# Starting to make parallels



## rock_breaker (Nov 22, 2019)

Chucked up a piece of threaded 1 1/2" bolt to make support disks to be fastened on an angle plate in preparation to make 1/8" x 3/4" x 6" parallels when almost every thing that could go wrong did. As the carbide insert cutter approached the center when facing the 4 way started turning thus making a groove near the center nub as the compound advanced to the rear of the lathe.  Made some adjustments then finished facing the bolt end. Started removing the old threads and the short piece of bolt disappeared into the chuck. Ultimately installed a 1/2" HSS cutting tool taking 0.20" DOC and very slow travers. The cause of all this trouble was a very small chip broken out of the curve in the insert.  This project is to have some test work in the mill when I advertise it.

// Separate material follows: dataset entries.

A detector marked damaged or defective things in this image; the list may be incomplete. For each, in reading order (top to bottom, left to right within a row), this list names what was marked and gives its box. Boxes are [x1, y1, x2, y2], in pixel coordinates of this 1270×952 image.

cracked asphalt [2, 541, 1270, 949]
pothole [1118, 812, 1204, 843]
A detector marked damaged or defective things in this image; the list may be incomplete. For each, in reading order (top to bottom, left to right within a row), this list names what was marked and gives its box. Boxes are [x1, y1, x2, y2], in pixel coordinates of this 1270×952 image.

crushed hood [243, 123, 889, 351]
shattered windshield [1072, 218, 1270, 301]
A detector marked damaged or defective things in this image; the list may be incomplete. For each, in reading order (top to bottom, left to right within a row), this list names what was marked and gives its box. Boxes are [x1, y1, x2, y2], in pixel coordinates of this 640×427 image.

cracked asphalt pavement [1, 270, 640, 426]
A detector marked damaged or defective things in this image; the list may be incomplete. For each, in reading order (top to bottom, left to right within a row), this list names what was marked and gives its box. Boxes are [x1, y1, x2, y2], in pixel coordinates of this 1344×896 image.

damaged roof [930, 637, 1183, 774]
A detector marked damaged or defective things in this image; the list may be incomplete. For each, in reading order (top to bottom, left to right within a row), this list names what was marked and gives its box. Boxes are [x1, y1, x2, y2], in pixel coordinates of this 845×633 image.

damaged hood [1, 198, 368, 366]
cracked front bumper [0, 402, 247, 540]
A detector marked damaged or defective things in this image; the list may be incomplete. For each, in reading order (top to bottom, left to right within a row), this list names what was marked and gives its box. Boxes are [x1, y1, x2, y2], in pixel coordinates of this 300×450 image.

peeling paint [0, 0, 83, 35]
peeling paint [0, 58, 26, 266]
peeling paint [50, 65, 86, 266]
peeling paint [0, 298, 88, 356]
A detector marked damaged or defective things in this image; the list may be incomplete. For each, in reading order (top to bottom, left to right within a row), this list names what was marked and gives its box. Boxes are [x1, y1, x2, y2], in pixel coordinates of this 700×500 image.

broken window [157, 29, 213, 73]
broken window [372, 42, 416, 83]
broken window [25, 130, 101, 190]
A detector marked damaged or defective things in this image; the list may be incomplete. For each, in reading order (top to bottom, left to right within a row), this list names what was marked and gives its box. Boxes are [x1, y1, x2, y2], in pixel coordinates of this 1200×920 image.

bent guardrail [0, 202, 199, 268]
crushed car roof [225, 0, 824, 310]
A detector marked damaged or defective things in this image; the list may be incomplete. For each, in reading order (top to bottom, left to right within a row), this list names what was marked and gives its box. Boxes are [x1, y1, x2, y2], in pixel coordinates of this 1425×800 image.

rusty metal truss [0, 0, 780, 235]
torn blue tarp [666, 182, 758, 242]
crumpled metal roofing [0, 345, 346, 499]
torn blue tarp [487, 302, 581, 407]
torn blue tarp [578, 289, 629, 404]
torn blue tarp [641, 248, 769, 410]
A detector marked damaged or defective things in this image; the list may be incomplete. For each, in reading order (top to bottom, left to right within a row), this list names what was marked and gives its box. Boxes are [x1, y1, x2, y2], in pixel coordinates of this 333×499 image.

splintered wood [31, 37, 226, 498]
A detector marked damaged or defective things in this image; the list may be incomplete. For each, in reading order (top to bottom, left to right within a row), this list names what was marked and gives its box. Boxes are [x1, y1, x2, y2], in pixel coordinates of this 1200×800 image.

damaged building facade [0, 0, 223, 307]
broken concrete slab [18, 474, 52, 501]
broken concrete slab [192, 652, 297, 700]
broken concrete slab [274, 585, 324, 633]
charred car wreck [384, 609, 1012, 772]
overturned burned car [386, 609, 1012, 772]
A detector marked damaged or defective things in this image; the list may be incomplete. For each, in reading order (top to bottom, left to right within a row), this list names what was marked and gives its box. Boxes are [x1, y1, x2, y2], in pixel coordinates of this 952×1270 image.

The PO put 3/8" washers full length on a 3/8 x 4" bolt as a handle on the X feed wheel, so am waiting for 1" Delrin to replace the washers.
Have a good day
Ray


----------



## mmcmdl (Nov 22, 2019)

Most likely the chip occurred if you weren't on center with a very slow sfm.


----------



## rock_breaker (Nov 22, 2019)

Thanks Mmcmdl, Both conditions did exist.


----------